Greeting everyone. I have an excel file that I need to clean and fill NaN values according to column data types, like if column data type is object I need to fill "NULL" in that column and if data types is integer or float 0 needs to be filled in those columns.
So far I have tried 2 method to do the job but no luck, here is the first
df = pd.read_excel("myExcel_files.xlsx")
df.select_dtypes(include='int64').fillna(0, inplace=True)
df.select_dtypes(include='float64').fillna(0.0, inplace=True)
df.select_dtypes(include='object').fillna("NULL", inplace=True)

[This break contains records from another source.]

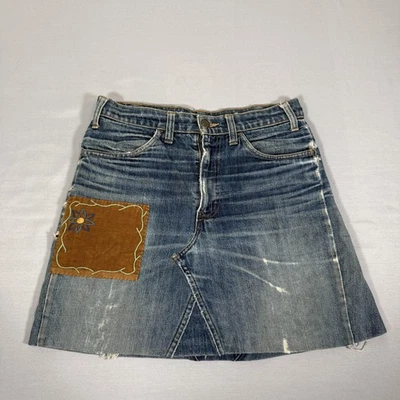 Vintage Levis Skirt Women 30 Blue Denim Jean Patchwork Big E Orange Tab Boho 70s - Image 1 of 4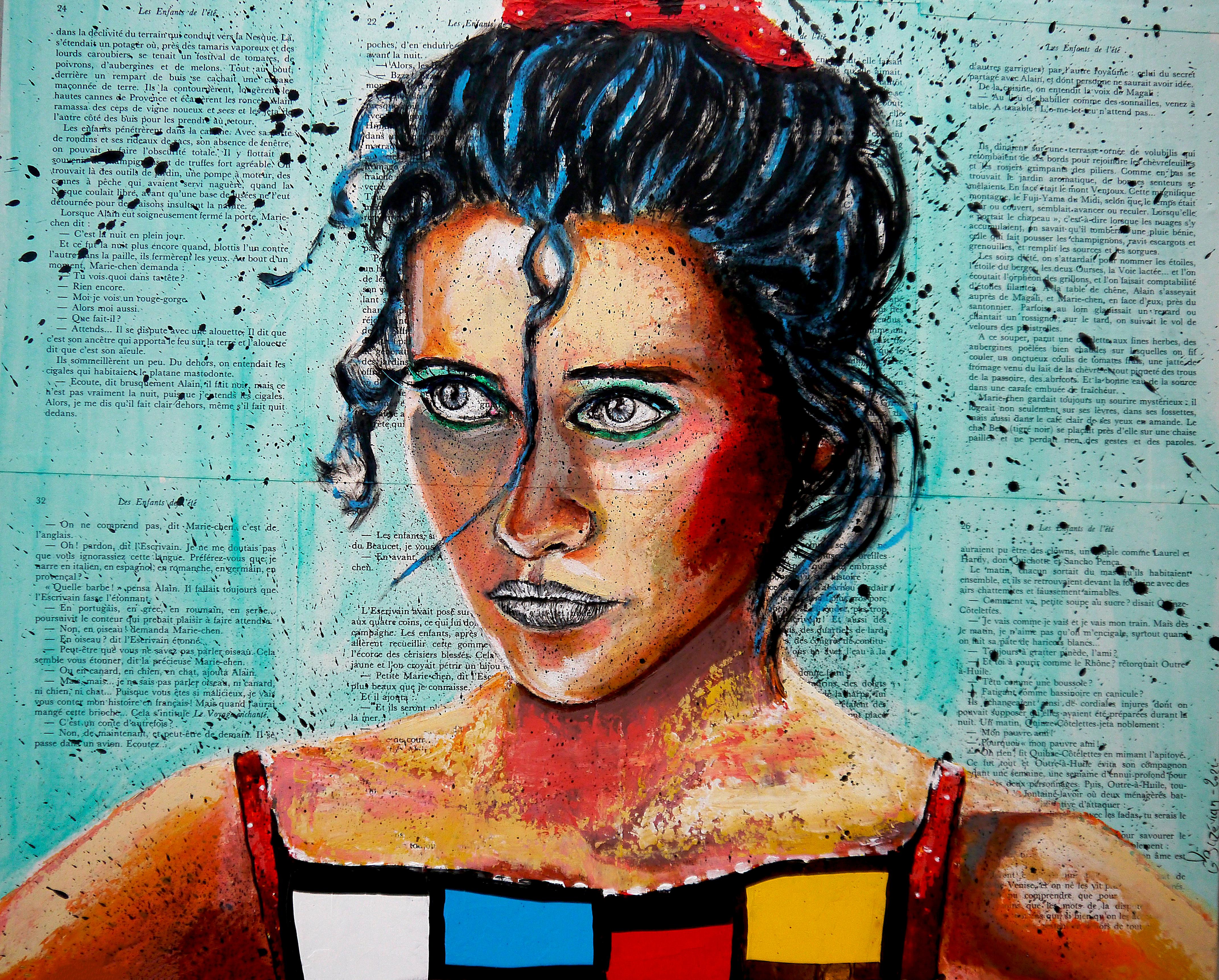Porträt So What, Mondrian Französische Schule Impressionistischer Pop 194 READY TO HANG (Grau), Figurative Painting, von bazevian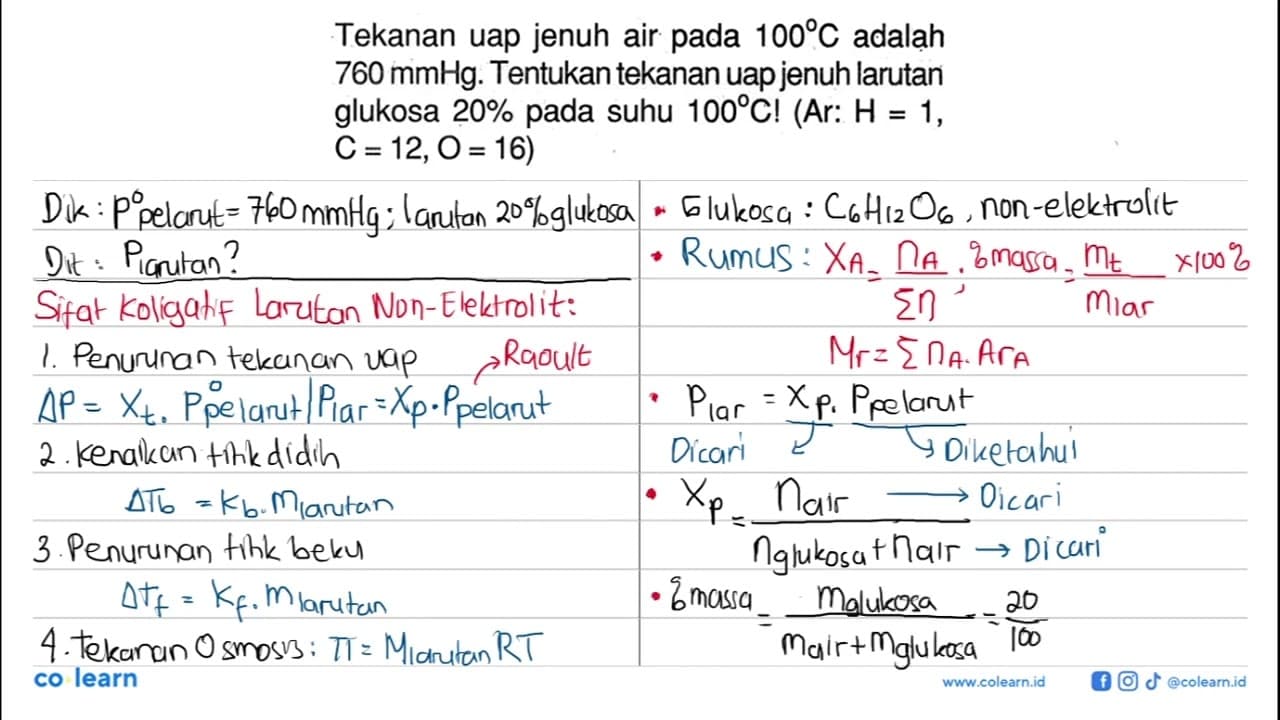 Tekanan uap jenuh air pada 100 C adalah 760 mmHg. Tentukan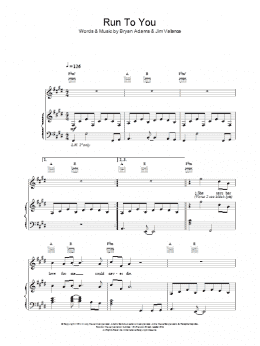page one of Run To You (Piano, Vocal & Guitar Chords)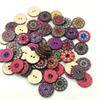 100Pcs Bohemian Style Retro Pattern Round Shape Wooden Buttons Clothing Decor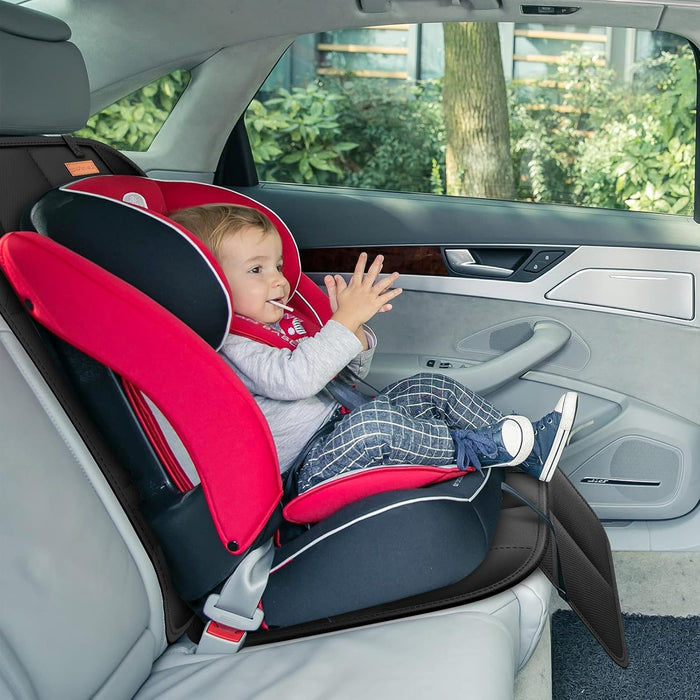 Smart elf Car Seat Protector, 2Pack Seat Protector Protects Child Seats with Thickest Padding and Non-Slip Backing Mesh Pockets for Baby and Pet, Black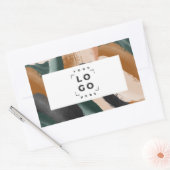 Beige, grün abstrakt gestrichene minimalistische m rechteckiger aufkleber (Umschlag)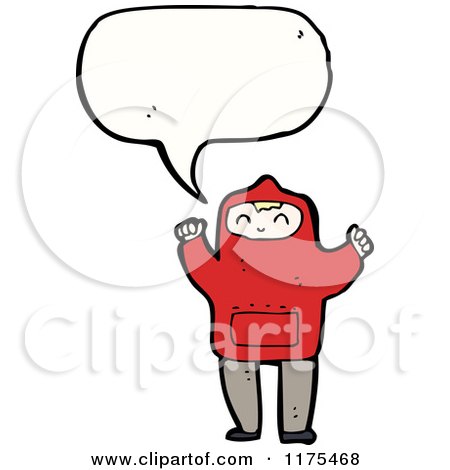 Cartoon of a Boy Wearing a Hoodie with a Conversation Bubble - Royalty Free Vector Illustration by lineartestpilot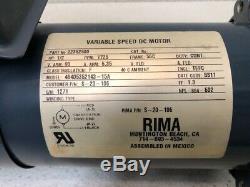 Rima Variable Speed DC Motor 46405352143-15a 1/2 HP Item 748541-w3
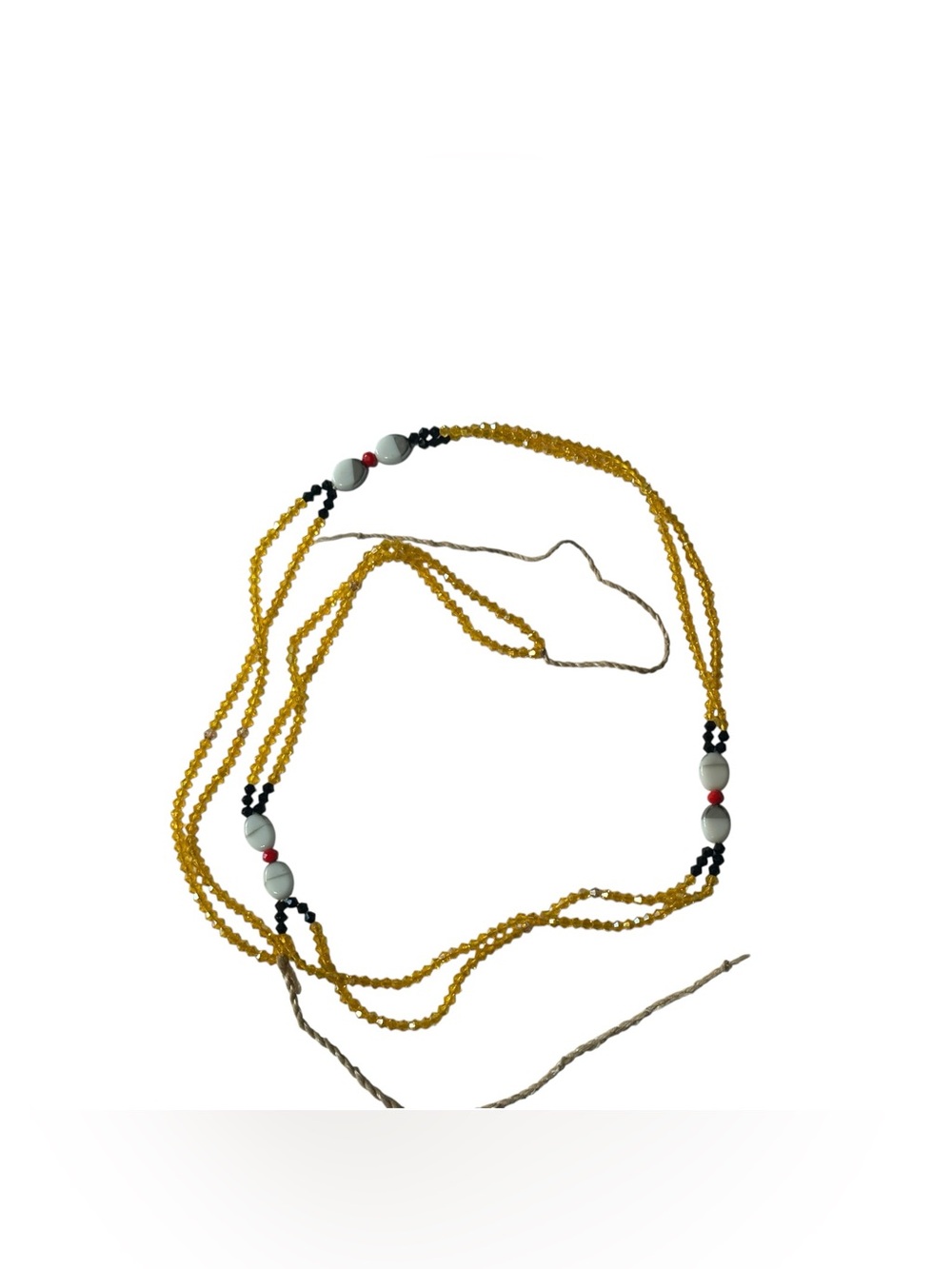 African Double Strand Waist Beads 42” Shiny Gold Amber Black Red Tie-On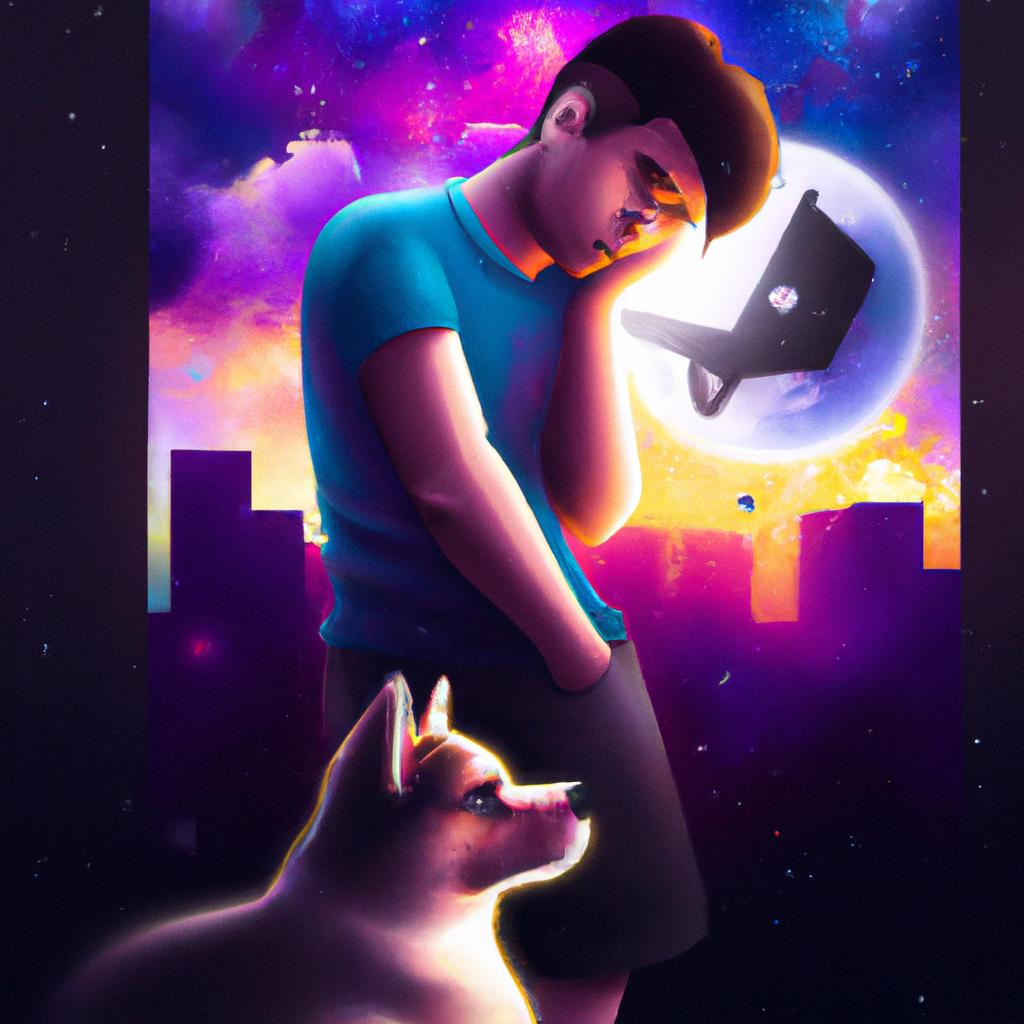 Imagem de capa do post "O Que Significa Sonhar com Cachorro? Descubra Aqui!" com um desenho digital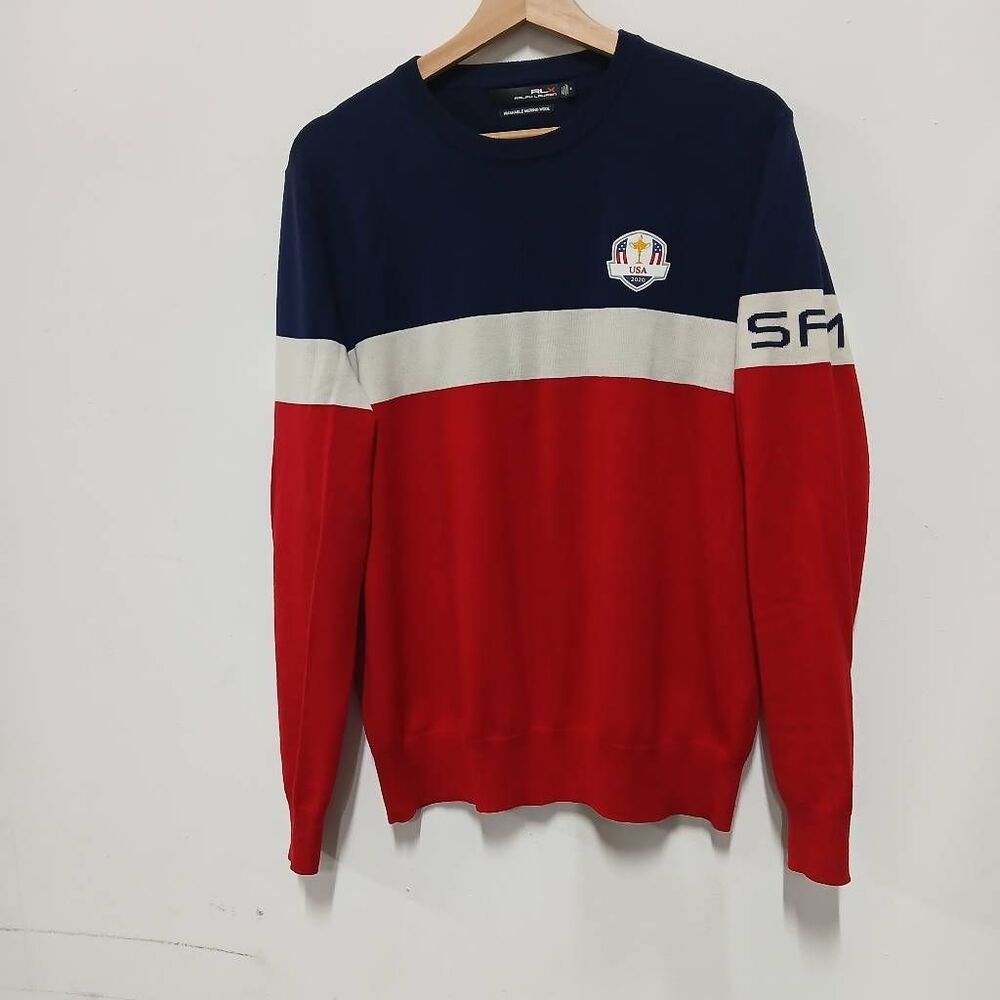 Rlx polo ralph lauren mens medium sweater 100% merino wool red blue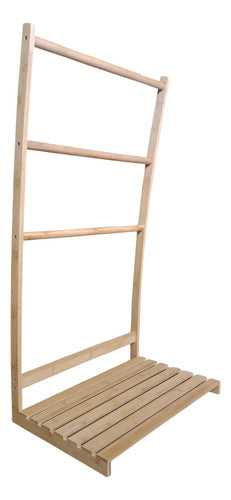 Toallero De Pie Para Baño 3 Cilindros Madera Altura 90cm Marrón Claro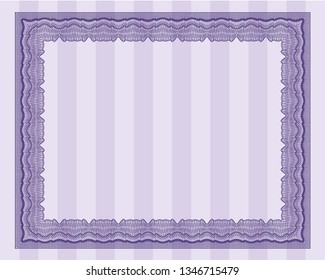 Violet Classic Certificate template. With background. Customizable, Easy to edit and change colors. Money design.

and the output that I get is not an error but a warning and there is no change in data frame
C:\ProgramData\Anaconda3\lib\site-packages\pandas\core\frame.py:4259: SettingWithCopyWarning:
A value is trying to be set on a copy of a slice from a DataFrame
See the caveats in the documentation: http://pandas.pydata.org/pandas-docs/stable/user_guide/indexing.html#returning-a-view-versus-a-copy
**kwargs
df = pd.read_excel("myExcel_files.xlsx")
#get the list of all integer columns
int_cols = list(df.select_dtypes('int64').columns)
#get the list of all float columns
float_cols = list(df.select_dtypes('float64').columns)
#get the list of all object columns
object_cols = list(df.select_dtypes('object').columns)
#looping through if each column to fillna
for i in int_cols:
df[i].fillna(0,inplace=True)
for f in float_cols:
df[f].fillna(0,inplace=True)
for o in object_cols:
df[o].fillna("NULL",inplace=True)
Both of my methods doesn't work. Many thanks for any help or suggestions. Regards -Manish
I think that instead of using select_dtypes
and iterating over columns you can take the .dtypes
of your DF and replace float64's wth 0.0 and objects with "NULL"... you don't need to worry about int64's as they generally won't have missing values to fill (unless you're using pd.NA
or a nullable int type), so you might be able to do a single operation of:
df.fillna(df.dtypes.replace({'float64': 0.0, 'O': 'NULL'}), inplace=True)
You can also add downcast='infer'
so that if you have what can be int64
s in a float64
column, you end up with int64
s, eg given:
df = pd.DataFrame({
'a': [1.0, 2, np.nan, 4],
'b': [np.nan, 'hello', np.nan, 'blah'],
'c': [1.1, 1.2, 1.3, np.nan]
})
Then:
df.fillna(df.dtypes.replace({'float64': 0.0, 'O': 'NULL'}), downcast='infer', inplace=True)
Will give you (note column a
was downcast to int but c
remains float):
a b c
0 1 NULL 1.1
1 2 hello 1.2
2 0 NULL 1.3
3 4 blah 0.0